After years of neglect, the sub-500cc class of bikes is exploding in 2017 with a glut of new adventure-styled offerings. Fashion may well be a driving factor, but there’s also a realisation from manufacturers that many of us are now buying second bikes to commute on – and they don’t need to be 160bhp adventure leviathans. More and more of us are looking for economy and versatility for an everyday bike, but not at the cost of style, comfort or quality.
Step up BMW’s new G310GS, the second bike to be released into their G310 family (following the roadster-shaped R), and one of at least four quarter-litre(ish) adventure bikes to arrive from major manufacturers in 2017.
- 313cc liquid-cooled single
- GS family styling
- 19in front rim
- Long-travel suspension
- Full LCD dash
- Seat height 835mm
The baby GS might be small in capacity compared with its well-established stablemates, and the only GS not to be built in Germany, but BMW’s commitment to design and build quality looks no less thorough. The family styling is unmistakable, with the stubby front beak, radiator shrouds, headlamp cowl and tank all mini-me reworkings of the R1200GS’s aesthetic.
While for our market this might look like a cute styling exercise to pander to our adventure bike addiction, the truth is probably more that this style offers BMW the greatest breadth of appeal globally. We think UK roads are bad, but ride in rural India or Brazil, and you’ll feel spoilt back home – but that’s exactly the sort of market where BMW hope to sell their smaller-capacity range by the thousands. We get the style and attitude we want, those markets get the long-travel suspension and rugged quality and simplicity they need.

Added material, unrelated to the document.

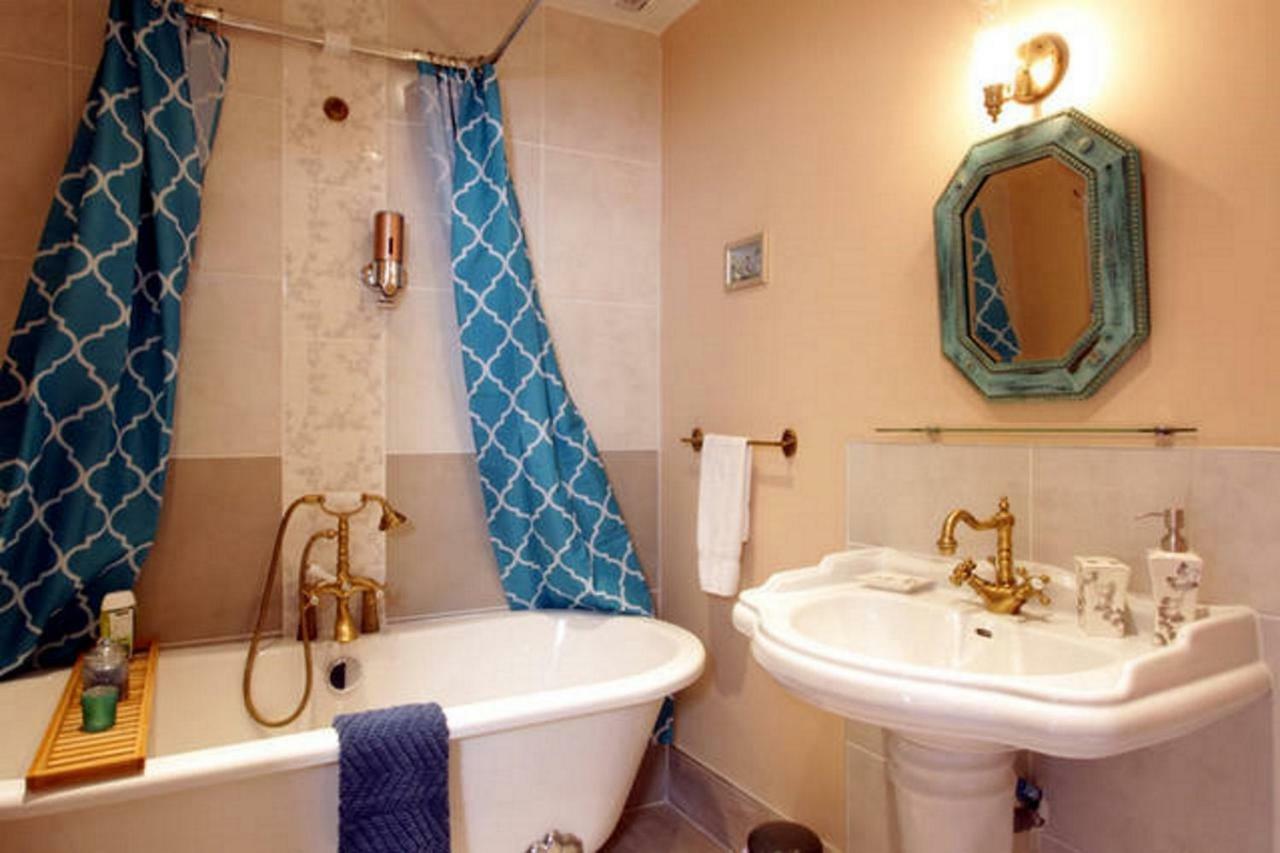 ลา แมซง เด เท็กซ์ไทล์ Bed & Breakfast Montolieu ภายนอก รูปภาพ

Just like the G310R released last year (but still yet to arrive on our shores), the new GS version gets a tubular steel frame, cast five-spoke wheels, and a 313cc liquid-cooled single – complete with reversed 4v DOHC cylinder head. That means a claimed 34bhp at your wrist, and 21ftlb of torque, driving through a six-speed gearbox and chain final drive – and a heady rev ceiling of 10,500rpm. At 169.5kg ready to ride it’s no featherweight, but neither is it particularly lardy.
The gold inverted 41mm fork – which has 49mm more travel than the G310R’s – offers no adjustability, while the rear monoshock does boast adjustable preload, useful for those who might carry a pillion or fit the 30-litre optional topcase on to the standard fitment luggage plate.
There’s ABS as standard, and a decently equipped all-LCD dash, plus myriad official accessories to choose from – including 12-volt power sockets, heated grips, two further seat height options (820mm and 850mm), luggage, a centrestand, plus satnav and smartphone solutions. There’s no word on price yet, but the similar R model starts at £4290 and we wouldn’t expect the GS to be much different.